Question

a set of data has ten numbers. the mean of the data is 12 and the standard deviation is 1. what values could make up a data set with these statistics?

Explanation:

Step1: Recall mean formula

The mean $\bar{x}=\frac{\sum_{i = 1}^{n}x_{i}}{n}$. Here $n = 10$ and $\bar{x}=12$, so $\sum_{i=1}^{10}x_{i}=n\times\bar{x}=10\times12 = 120$.

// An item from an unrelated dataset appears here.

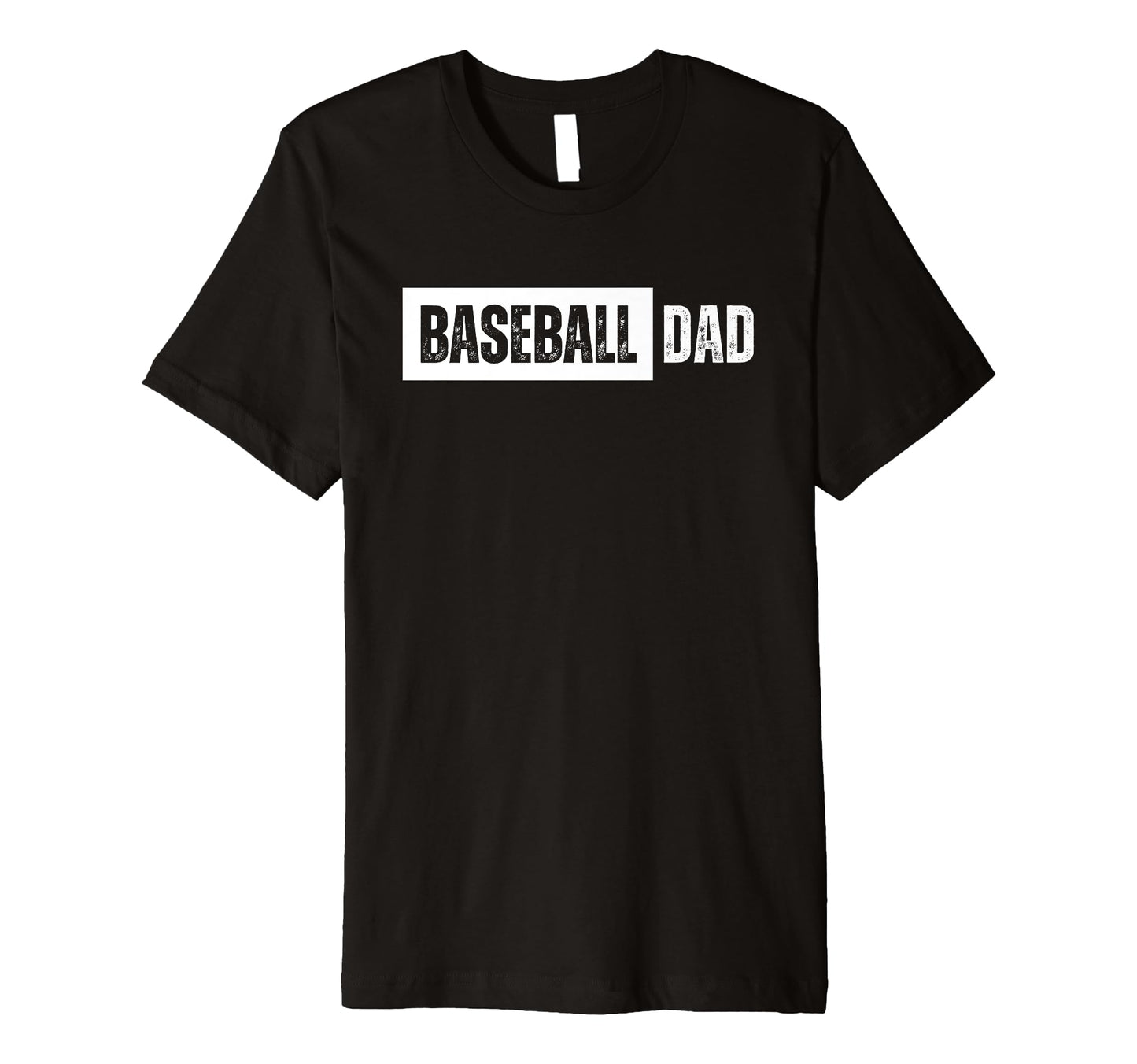 Mens Baseball Dad Distressed T-Shirt - Casual Everyday Wear Unisex - T-Shirt, Sweatshirt, Hoodie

Step2: Recall standard - deviation formula

The standard deviation $s=\sqrt{\frac{\sum_{i = 1}^{n}(x_{i}-\bar{x})^{2}}{n - 1}}$. We want to find values such that this holds. One simple case is when the data is symmetric around the mean.
A possible data - set could be ten numbers all equal to 12. In this case, $\sum_{i=1}^{10}x_{i}=10\times12=120$ and for each $i$, $x_{i}-\bar{x}=12 - 12=0$. So the standard deviation $s=\sqrt{\frac{\sum_{i = 1}^{10}(x_{i}-12)^{2}}{9}}=\sqrt{\frac{0}{9}} = 0$. Another non - trivial case could be 10, 10, 10, 10, 12, 12, 14, 14, 14, 14.
For the set $\{10, 10, 10, 10, 12, 12, 14, 14, 14, 14\}$:
The sum is $4\times10+2\times12 + 4\times14=40+24 + 56=120$.
The mean $\bar{x}=\frac{120}{10}=12$.
$(x_1 - 12)^2=(10 - 12)^2 = 4$, $(x_5 - 12)^2=(12 - 12)^2 = 0$, $(x_8 - 12)^2=(14 - 12)^2 = 4$.
$\sum_{i = 1}^{10}(x_{i}-12)^{2}=4\times4+2\times0+4\times4=32$.
The standard deviation $s=\sqrt{\frac{32}{9}}\approx1.89$.

Answer:

One possible data - set is 10, 10, 10, 10, 12, 12, 14, 14, 14, 14 (answers may vary).